_MATERIAL SHOWN_.
★ ★ ★ ★

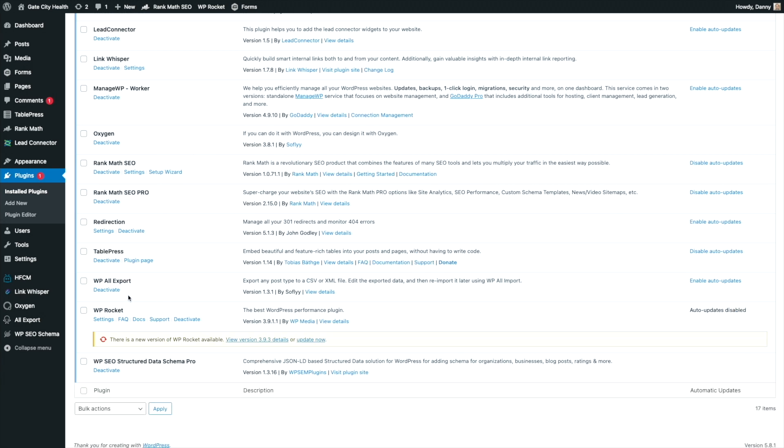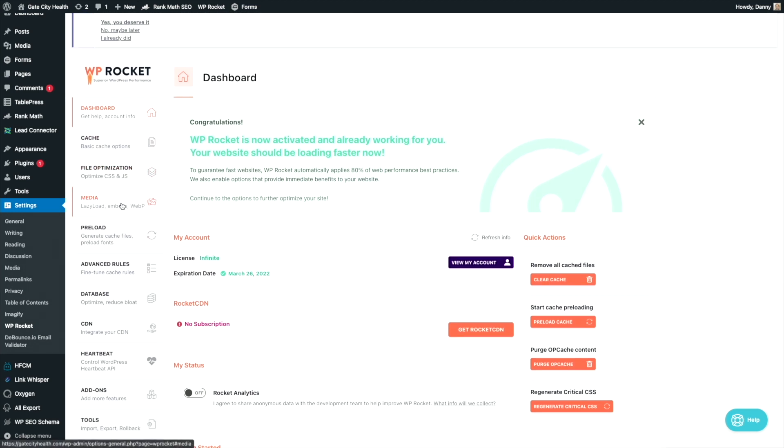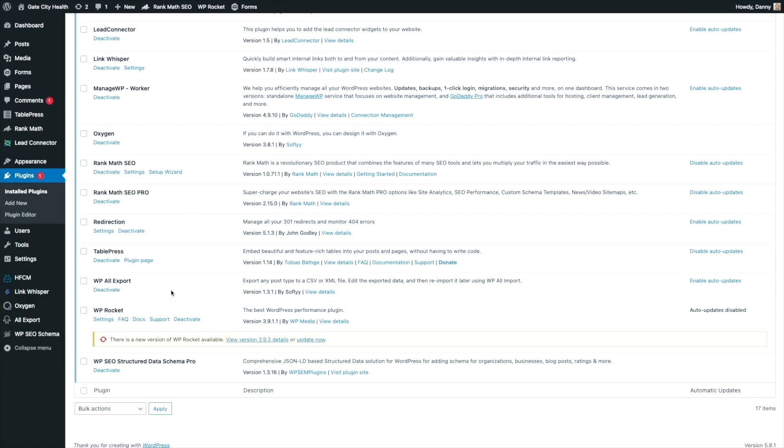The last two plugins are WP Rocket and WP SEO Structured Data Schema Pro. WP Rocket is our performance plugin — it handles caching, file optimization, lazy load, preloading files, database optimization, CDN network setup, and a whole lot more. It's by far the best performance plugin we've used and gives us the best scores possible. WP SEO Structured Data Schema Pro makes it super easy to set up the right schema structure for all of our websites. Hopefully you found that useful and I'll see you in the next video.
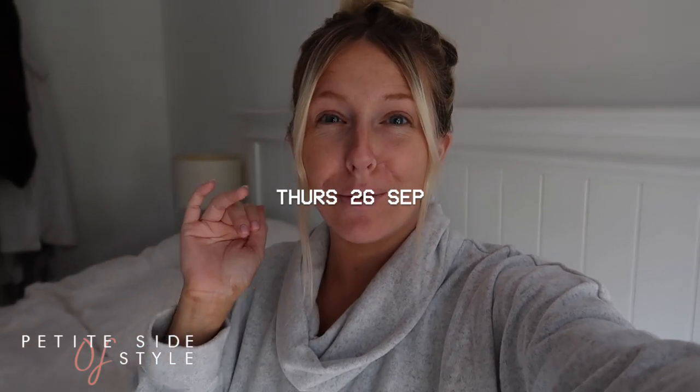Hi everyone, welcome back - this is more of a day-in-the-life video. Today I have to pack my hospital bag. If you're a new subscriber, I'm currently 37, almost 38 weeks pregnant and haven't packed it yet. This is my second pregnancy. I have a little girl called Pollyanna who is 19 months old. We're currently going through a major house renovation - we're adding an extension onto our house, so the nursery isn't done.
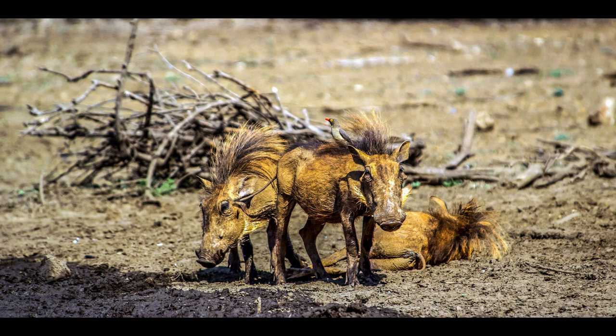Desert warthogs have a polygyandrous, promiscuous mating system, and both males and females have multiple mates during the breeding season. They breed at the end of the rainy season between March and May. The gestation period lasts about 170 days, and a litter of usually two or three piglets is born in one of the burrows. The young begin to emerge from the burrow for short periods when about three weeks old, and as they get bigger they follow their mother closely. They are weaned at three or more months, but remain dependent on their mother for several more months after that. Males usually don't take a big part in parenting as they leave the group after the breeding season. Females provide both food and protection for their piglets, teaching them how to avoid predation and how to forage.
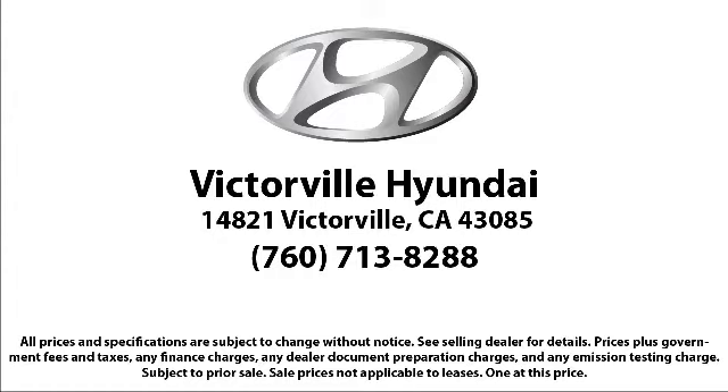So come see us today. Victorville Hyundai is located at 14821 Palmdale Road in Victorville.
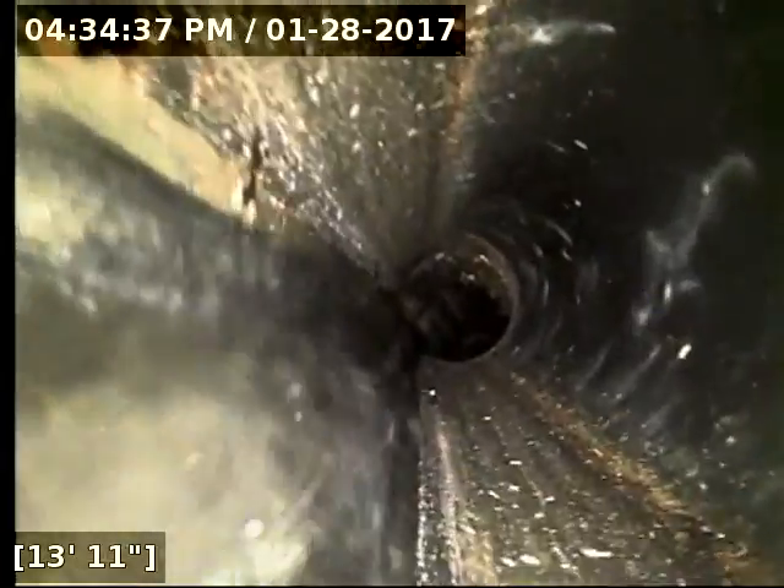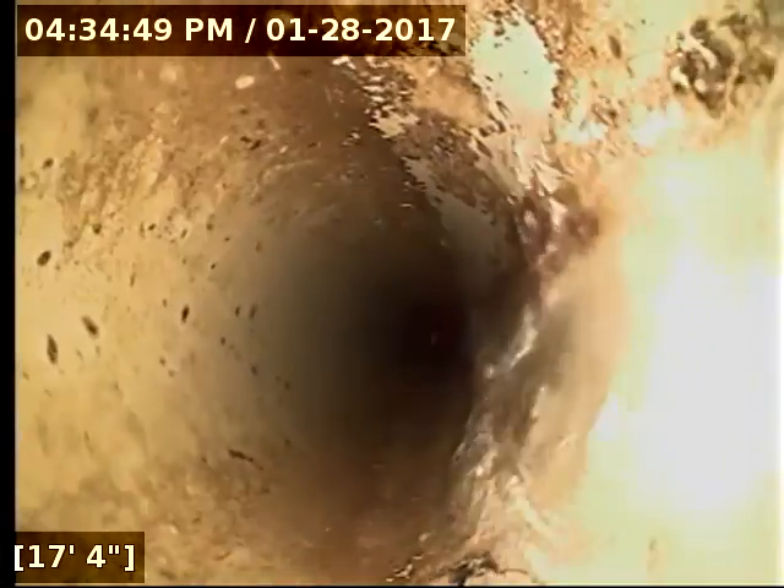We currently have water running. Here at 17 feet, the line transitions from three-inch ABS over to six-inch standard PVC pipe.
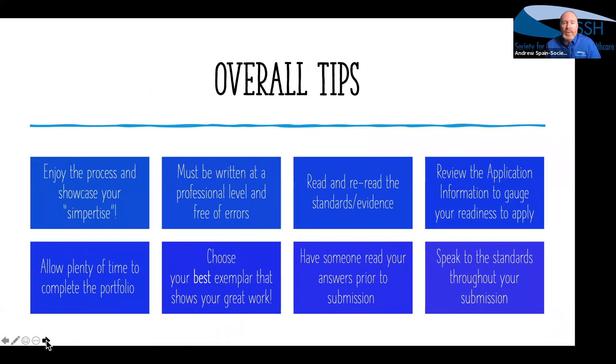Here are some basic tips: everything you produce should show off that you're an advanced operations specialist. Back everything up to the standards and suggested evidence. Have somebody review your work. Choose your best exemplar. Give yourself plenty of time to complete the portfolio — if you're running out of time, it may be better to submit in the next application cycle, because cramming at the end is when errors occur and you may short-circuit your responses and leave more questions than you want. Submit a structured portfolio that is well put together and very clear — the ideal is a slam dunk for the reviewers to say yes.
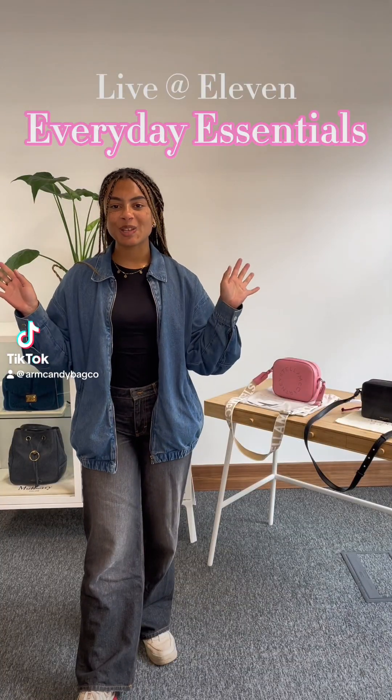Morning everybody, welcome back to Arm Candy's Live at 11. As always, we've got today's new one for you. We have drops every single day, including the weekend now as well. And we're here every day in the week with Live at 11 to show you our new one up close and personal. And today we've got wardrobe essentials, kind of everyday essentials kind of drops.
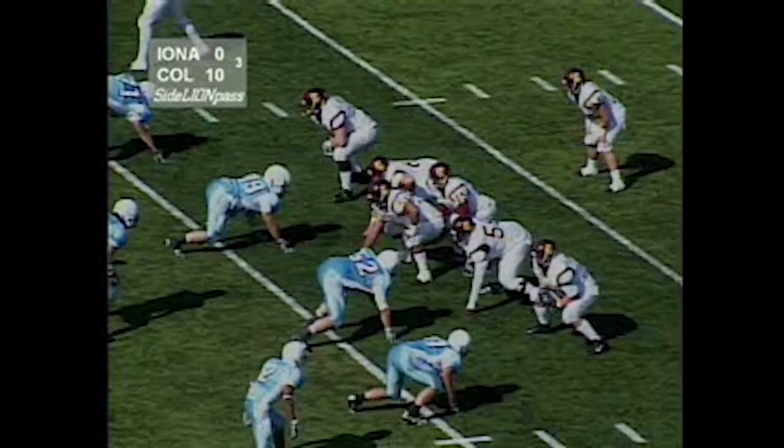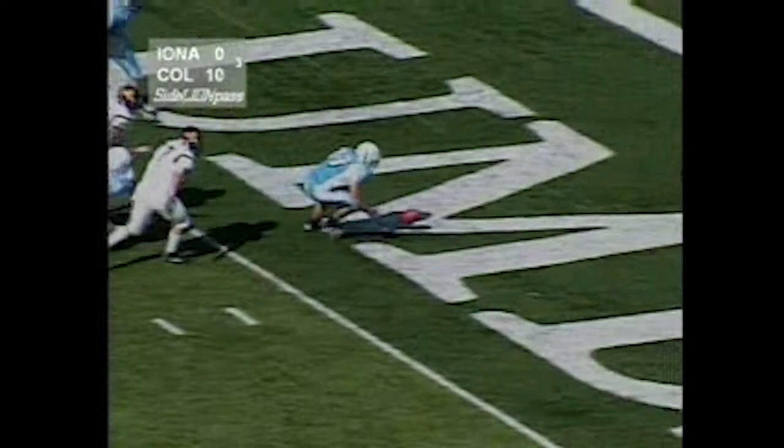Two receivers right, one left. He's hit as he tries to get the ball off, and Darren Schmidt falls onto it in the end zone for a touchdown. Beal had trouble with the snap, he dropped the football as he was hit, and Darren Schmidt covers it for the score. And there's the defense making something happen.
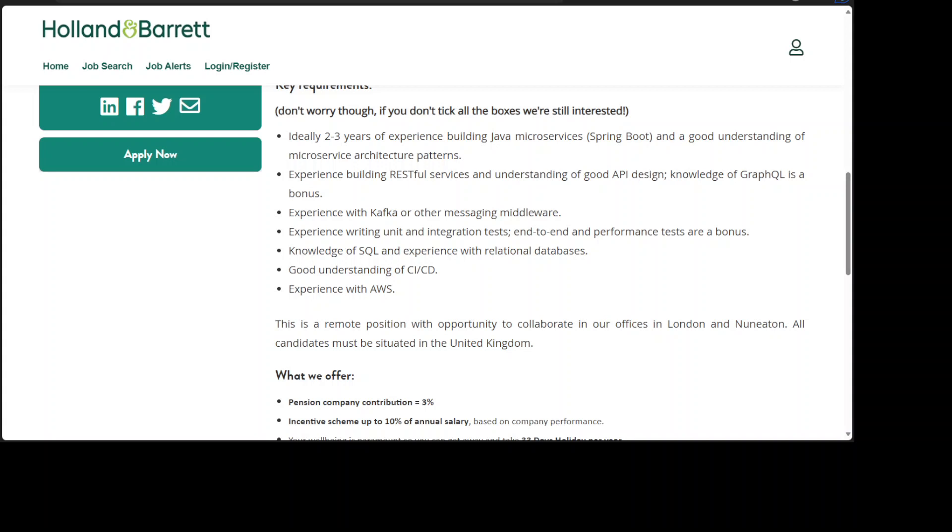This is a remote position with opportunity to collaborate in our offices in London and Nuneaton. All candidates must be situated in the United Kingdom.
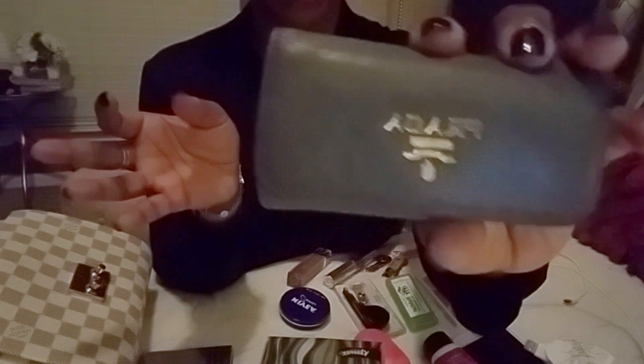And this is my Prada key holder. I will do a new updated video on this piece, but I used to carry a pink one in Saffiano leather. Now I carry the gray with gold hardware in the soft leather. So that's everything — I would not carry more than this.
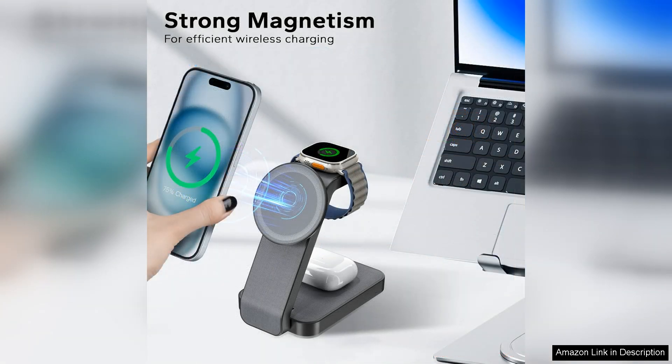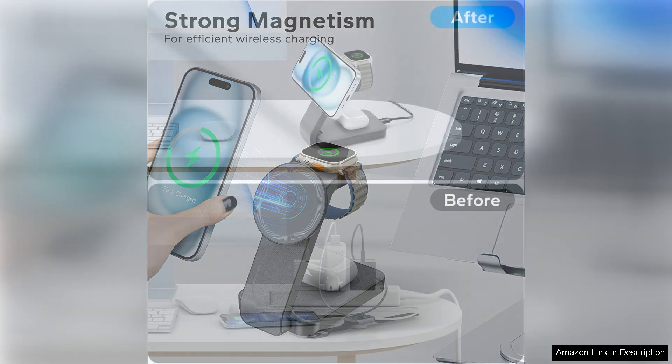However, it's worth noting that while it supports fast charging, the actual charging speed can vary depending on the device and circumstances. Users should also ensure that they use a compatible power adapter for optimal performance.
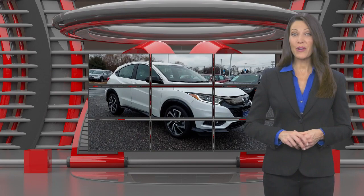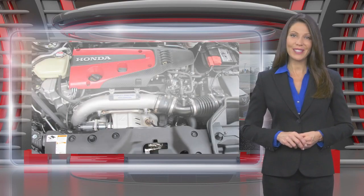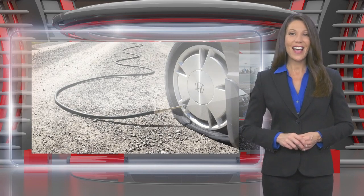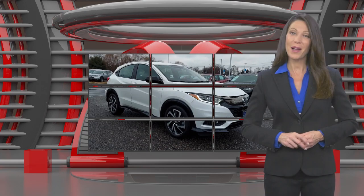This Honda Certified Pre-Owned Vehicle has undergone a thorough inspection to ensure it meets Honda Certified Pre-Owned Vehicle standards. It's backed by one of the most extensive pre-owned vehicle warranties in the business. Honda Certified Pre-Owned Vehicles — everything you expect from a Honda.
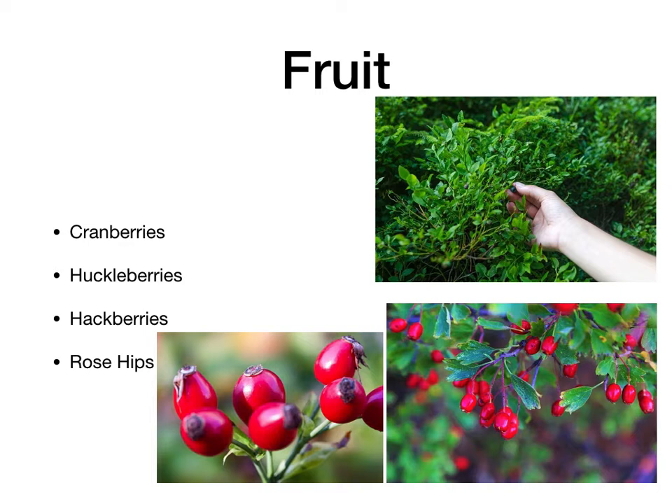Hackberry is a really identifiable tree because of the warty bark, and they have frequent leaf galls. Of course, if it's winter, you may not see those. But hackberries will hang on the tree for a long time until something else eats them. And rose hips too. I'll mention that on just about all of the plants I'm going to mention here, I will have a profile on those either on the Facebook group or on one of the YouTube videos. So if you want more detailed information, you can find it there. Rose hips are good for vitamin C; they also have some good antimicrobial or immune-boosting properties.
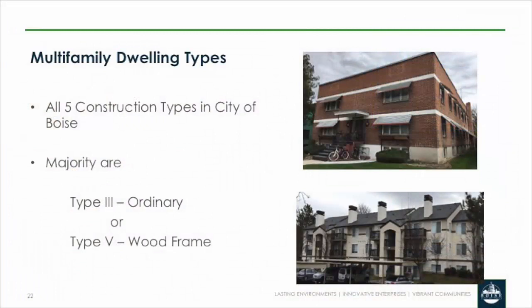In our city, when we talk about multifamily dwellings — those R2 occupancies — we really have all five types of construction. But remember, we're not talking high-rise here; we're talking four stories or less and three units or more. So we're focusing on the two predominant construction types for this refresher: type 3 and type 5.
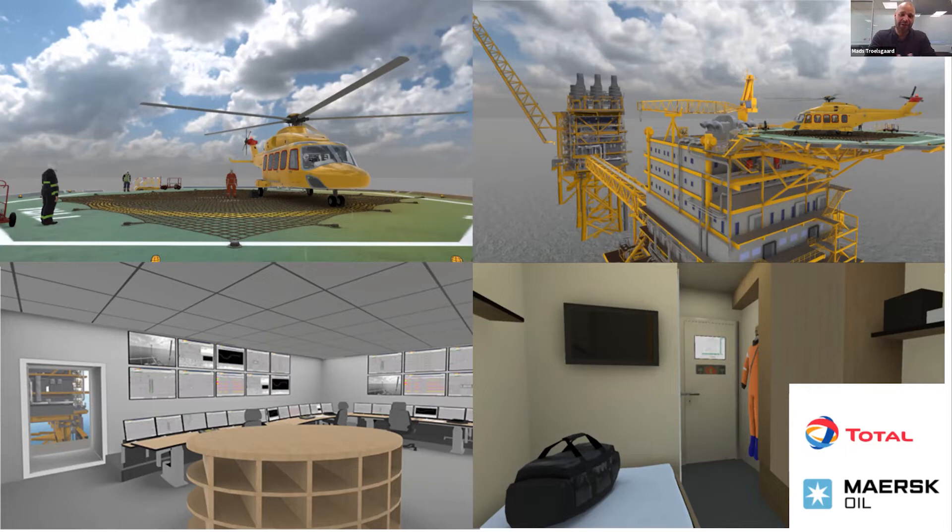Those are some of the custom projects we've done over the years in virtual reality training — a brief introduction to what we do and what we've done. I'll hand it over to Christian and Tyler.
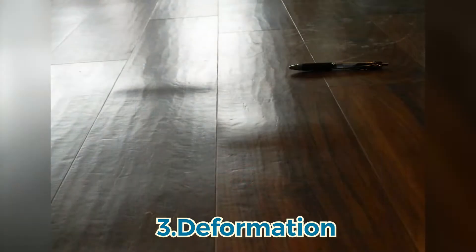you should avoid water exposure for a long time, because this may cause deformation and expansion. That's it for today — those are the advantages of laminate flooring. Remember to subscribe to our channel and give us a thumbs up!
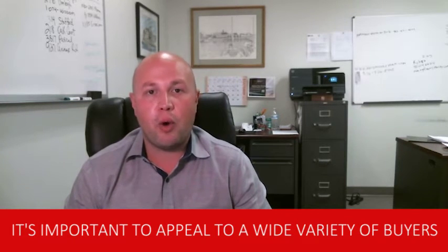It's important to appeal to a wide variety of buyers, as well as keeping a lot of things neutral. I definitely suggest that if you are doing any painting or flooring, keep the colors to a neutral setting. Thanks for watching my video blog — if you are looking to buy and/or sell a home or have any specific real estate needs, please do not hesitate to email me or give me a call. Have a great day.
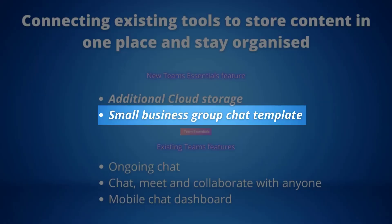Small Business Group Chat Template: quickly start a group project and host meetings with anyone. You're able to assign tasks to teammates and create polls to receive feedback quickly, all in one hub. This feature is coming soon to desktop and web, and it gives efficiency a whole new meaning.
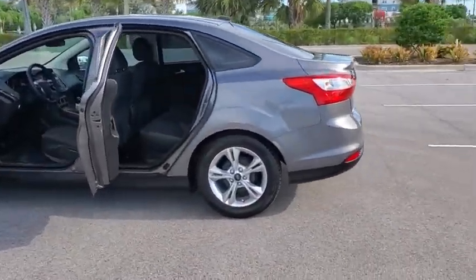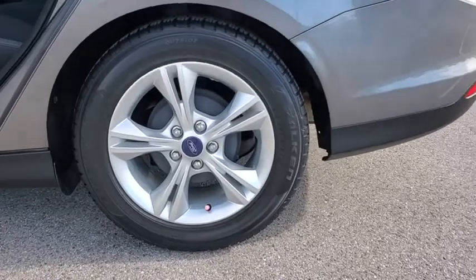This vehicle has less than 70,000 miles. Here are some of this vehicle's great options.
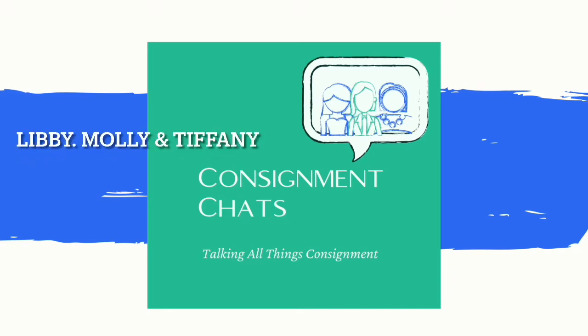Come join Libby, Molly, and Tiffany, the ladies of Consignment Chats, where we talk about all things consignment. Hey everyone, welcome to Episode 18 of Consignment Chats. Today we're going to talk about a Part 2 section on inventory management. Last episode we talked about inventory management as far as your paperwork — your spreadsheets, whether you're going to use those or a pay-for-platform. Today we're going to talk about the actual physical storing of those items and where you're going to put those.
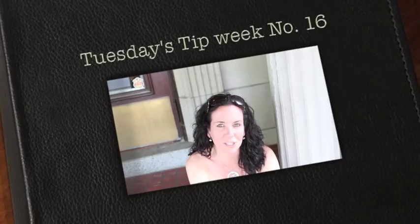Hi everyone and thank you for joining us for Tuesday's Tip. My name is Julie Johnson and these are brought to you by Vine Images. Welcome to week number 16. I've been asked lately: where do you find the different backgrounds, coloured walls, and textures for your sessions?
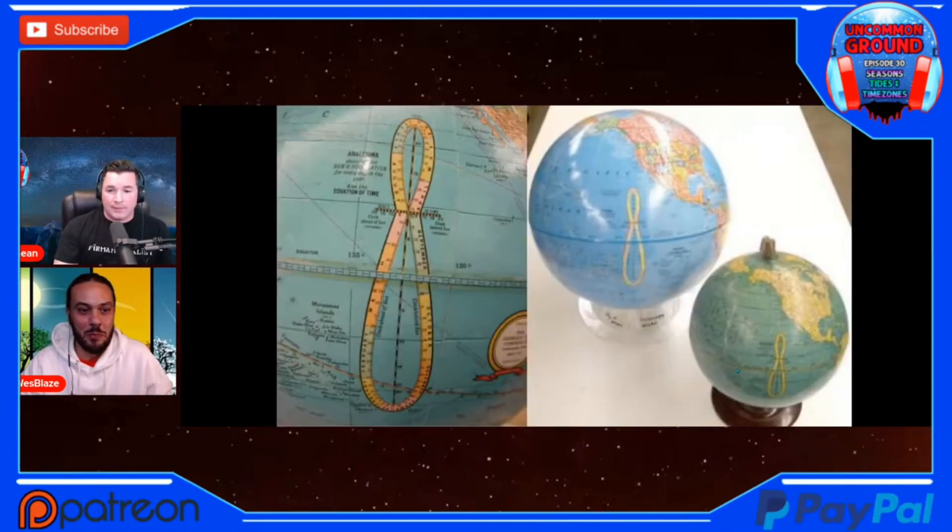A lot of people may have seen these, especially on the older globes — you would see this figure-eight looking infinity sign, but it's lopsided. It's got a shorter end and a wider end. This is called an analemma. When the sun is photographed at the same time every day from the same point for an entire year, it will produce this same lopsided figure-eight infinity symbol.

★ ★ ★ ★

_PROBLEM TO SOLVE_. When copying from the data above, print only the lines from the line containing "And this is" to the line containing "However, it's worth", exactly, and leave the pictures out.

_ANSWER TO THIS PROBLEM_.
And this is my Prada key holder. I will do a new updated video on this piece, but I used to carry a pink one in Saffiano leather. Now I carry the gray with gold hardware in the soft leather. So that's everything — I would not carry more than this.
However, it's worth noting that while it supports fast charging, the actual charging speed can vary depending on the device and circumstances. Users should also ensure that they use a compatible power adapter for optimal performance.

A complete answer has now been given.